The age old phrase of “let me count the ways” seemed like as good a theme as any to announce the newest contest from the blog here for the Learning Digital Photography podcast.  I just got word from the folks at OnOne software that they really liked the post on Genuine Fractals – so much that they would like to participate in a giveaway!  Can you guess the prize?  Yup, that’s right, the entire OnOne Plug-in Suite:  4.5!   This is an amazing offer, as the package normally retails for $500!  That’s five hundred big ones!  I don’t know about you, but if I had an opportunity to win a software package worth $500, I’d certainly stand up and listen…so, since we’ve got this contest announcement for the month of July that involves software, there will be no software review today.

Oh yeah, so anyway, that’s the prize package.  How do you enter?  Easy – just like the last couple of contests – it just requires a little participation.  A new thread will be set up on Flickr for people to contribute photos.  (It’s already live but entries will not be accepted until midnight Mountain time tonight.)  Here’s the rules:

  1. Since the contest sponsor is onOne – then the theme shall be Numbers.  I am not going to interpret or give any ideas here, but if your photo incorporates something to do with numbers (any number, multiple numbers, use of numbers, whatever), then it will be accepted.

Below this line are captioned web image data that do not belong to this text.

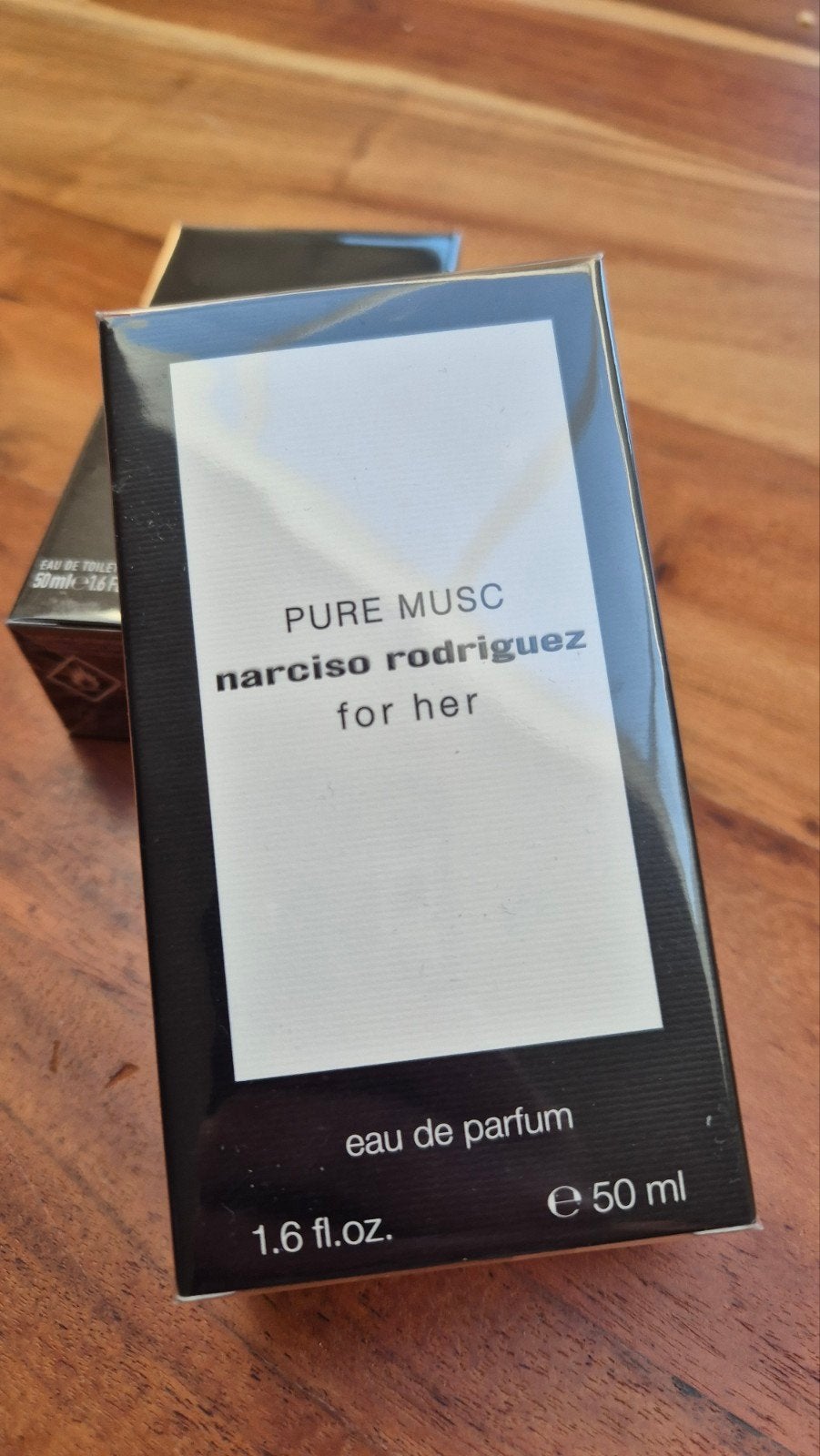 Narciso Rodriguez Pure Musc edp 50ml, Ophalen of Verzenden, Nieuw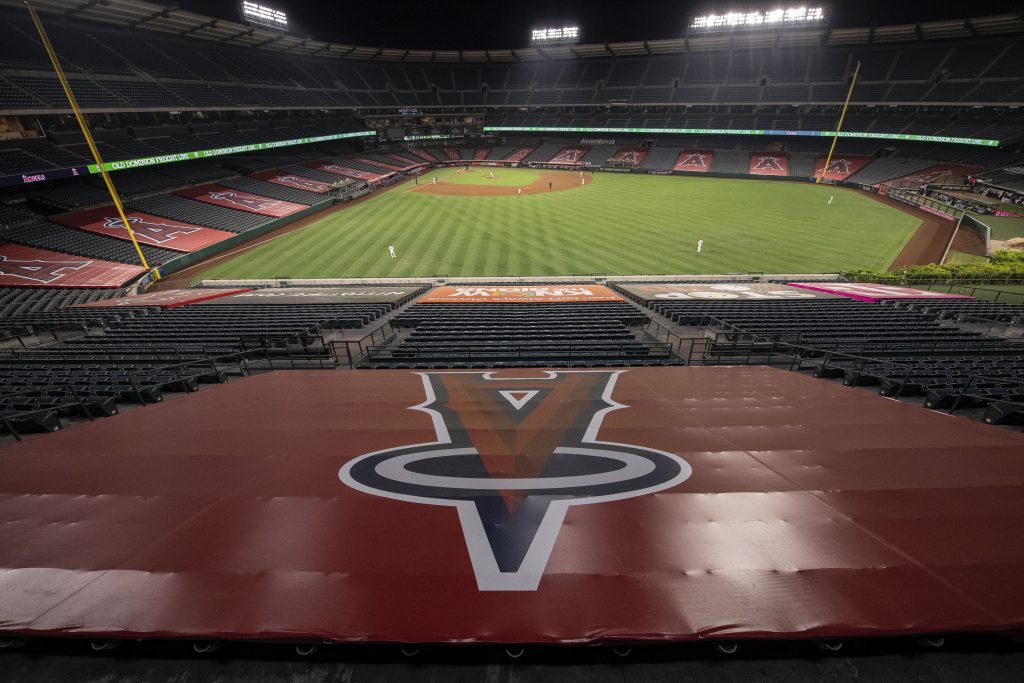 Angels Select Chad Stevens - MLB Trade Rumors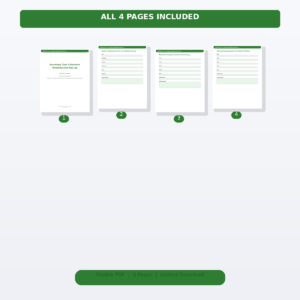 Narcolepsy Type 2 Excessive Sleepiness and Nap Log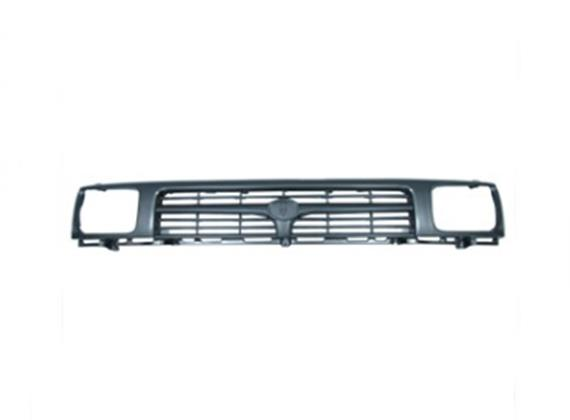 Ücretsiz Kargo TOYOTA HİLÜX LN85 ve LN106 ÖN PANJUR GRİ 1989 dan 1997 e Kadar Model TAİWAN
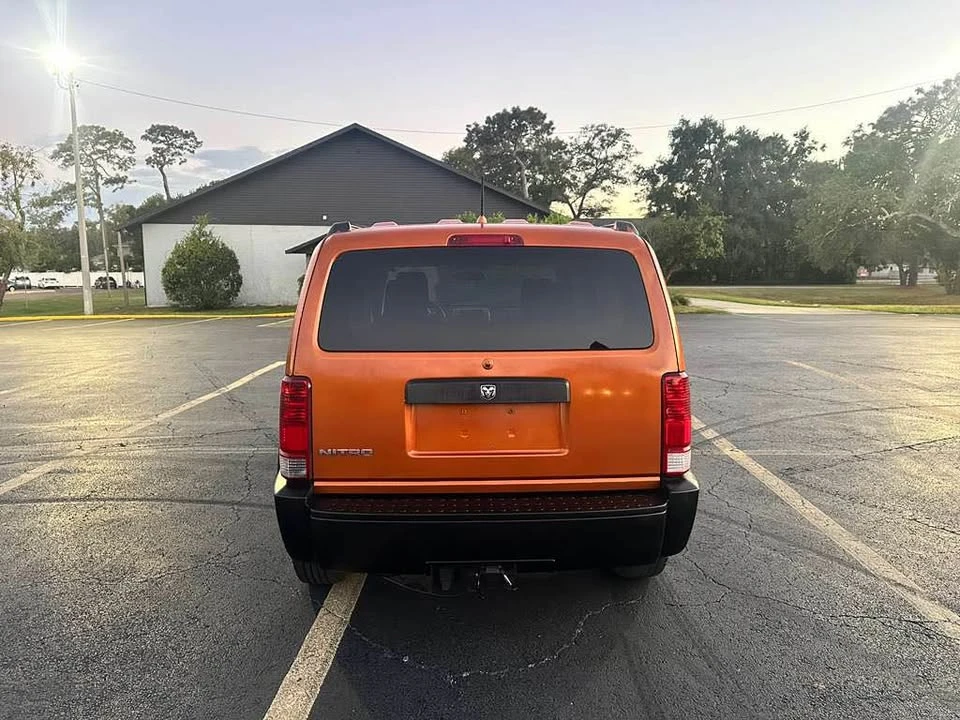 2007 Dodge Nitro - Image 5 of 13
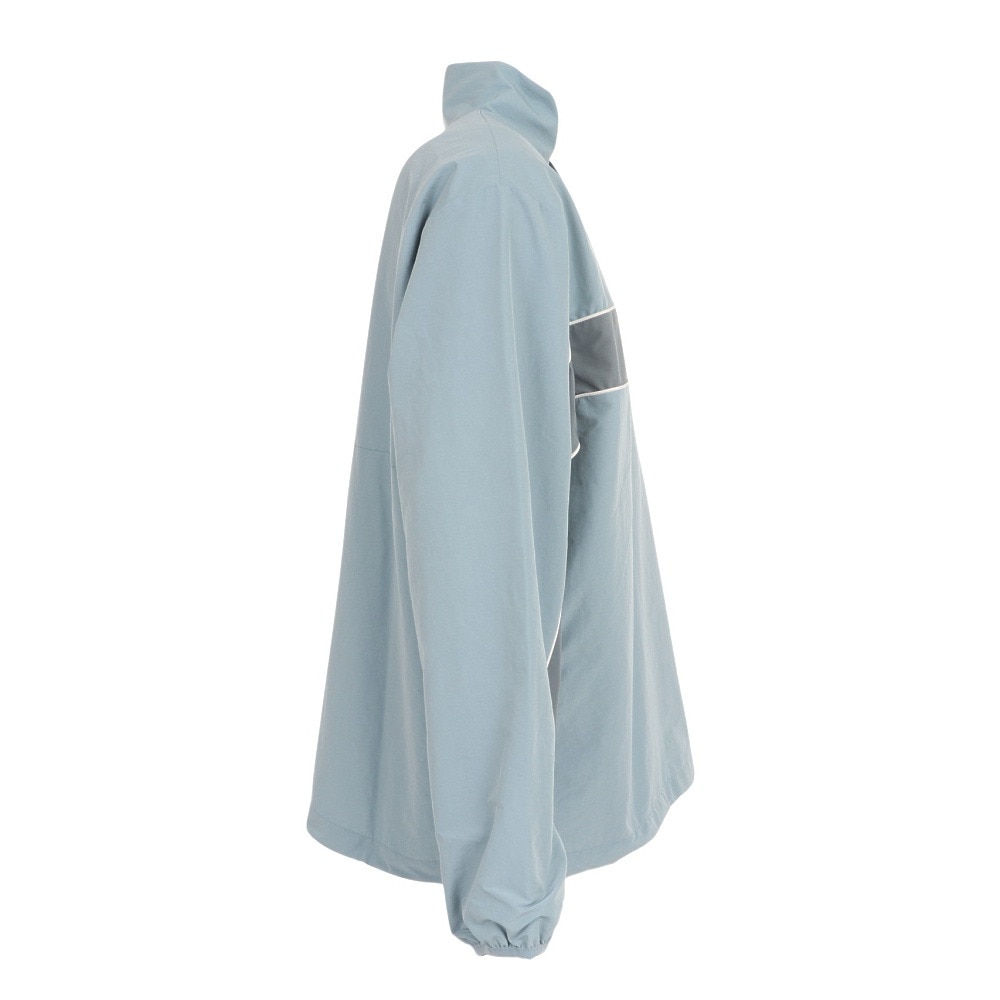 マルボンゴルフ（Malbon Glolf）（メンズ）ゴルフウェア アウター Bermuda Popover ジャケット M-7946-SBL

  2. Join the Learning Digital Photography Flickr Group – the images will be shared in there anyway, and this is a great way to see other inspirational images from people that are regularly contributing to the common pool…just make sure you post your images in the thread titled Numbers Contest (easily linked for you right here)
  3. Photos will only be accepted for the month of July (and that are uploaded during that month, so no archived images will be accepted)  Only 31 days to enter so get clicking! 🙂
  4. One photo limit per participant.  Sorry all, but with a prize package this huge, I know there’s going to be a lot of entries, so in order to make judging easier one entry per person.

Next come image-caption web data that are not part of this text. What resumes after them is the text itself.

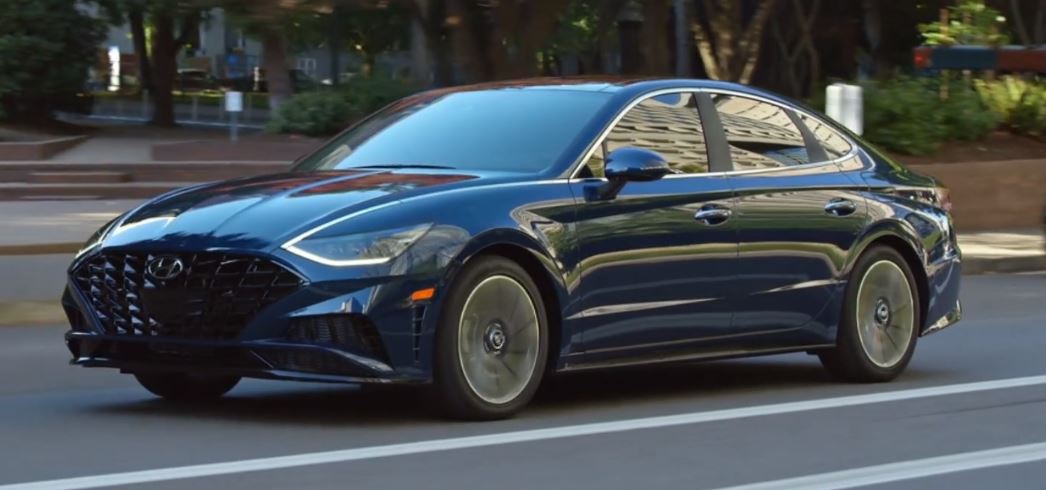 2021 Hyundai Sonata Performance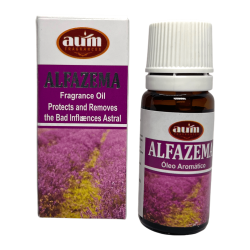 Alfazema AUM FRAGRANCES Olio profumato Protegge...
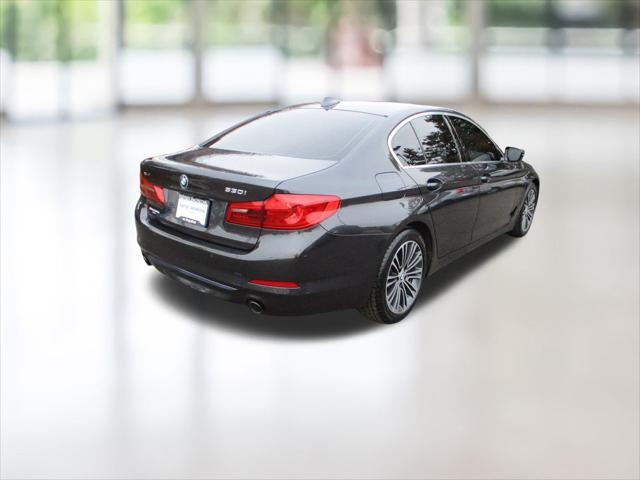 used 2019 BMW 530 car, priced at $24,990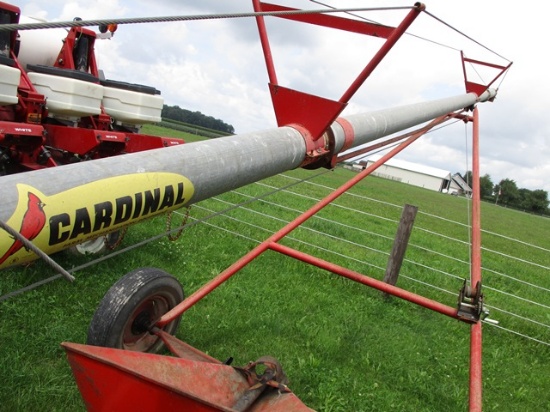 CARDINAL 6"x46' AUGER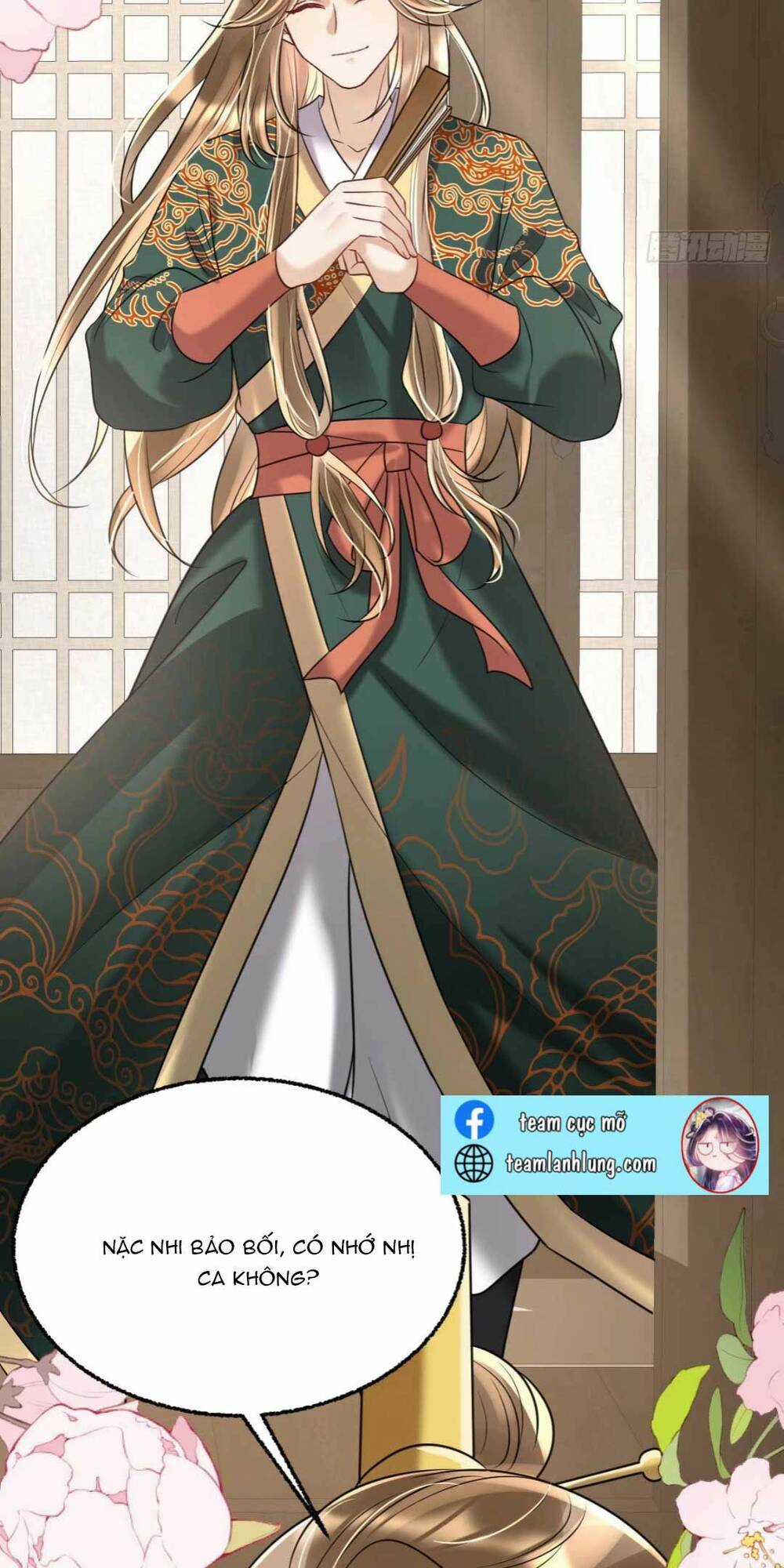 Đoàn Sủng Tiểu Kiều Của Ba Ba Bạo Quân Chapter 19 trang 46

  5. Photo manipulation is acceptable – after all, it’s for a prize that encourages massaging those pixels, so edit away!  However, you just be the original copyright owner of the photo used – no “borrowing” the work of others.  People found using others images will be removed from consideration.
  6. Images should be no larger than 800 pixels on their longest side, and no shorter than 600 pixels on the longest side.  If you need to upsize a photo, use the onOne Genuine Fractals trial!  🙂  On that note, please also refrain from using digital frames to increase image dimensions – images with frames that advance will be cropped.
  7. By submitting images, you agree to allow your photos to be featured in the web gallery and here on the blog without expectation of compensation.  The three finalists will have an opportunity to have their photos link back to their Flickr Stream, website, or blog if they like as the finalists will be notified of their advancement one day in advance of being featured on the blog.
  8. The product is being offered by the folks from onOne on the basis that it is NFR – not for resale.  The prize cannot be re-sold to someone else.
  9. Judging will be done by myself and I have one representative from onOne who will also assist with making the determination.  Decisions of the judges are final.
  10. There will be three rounds of judging:
    1. As in the past, the initial pool will be whittled down to ten and the images collated into a web gallery for display here on the blog.
    2. Three finalists will then be pulled and featured here on the blog for a final day or two of consideration.
    3. Last, the grand prize winner will be declared after even more careful determination from all participating judges.  OnOne has generously donated their time for judging as well, so we’ll compare notes and come to a mutual consensus to determine the winner.

Good luck to everyone and have a Happy month of Shooting!  Thanks especially go out to the good folks at OnOne for their generous contribution of the Plugin Suite 4.5 Software for some lucky reader/listener/participant.  Happy shooting and we’ll see you back here tomorrow!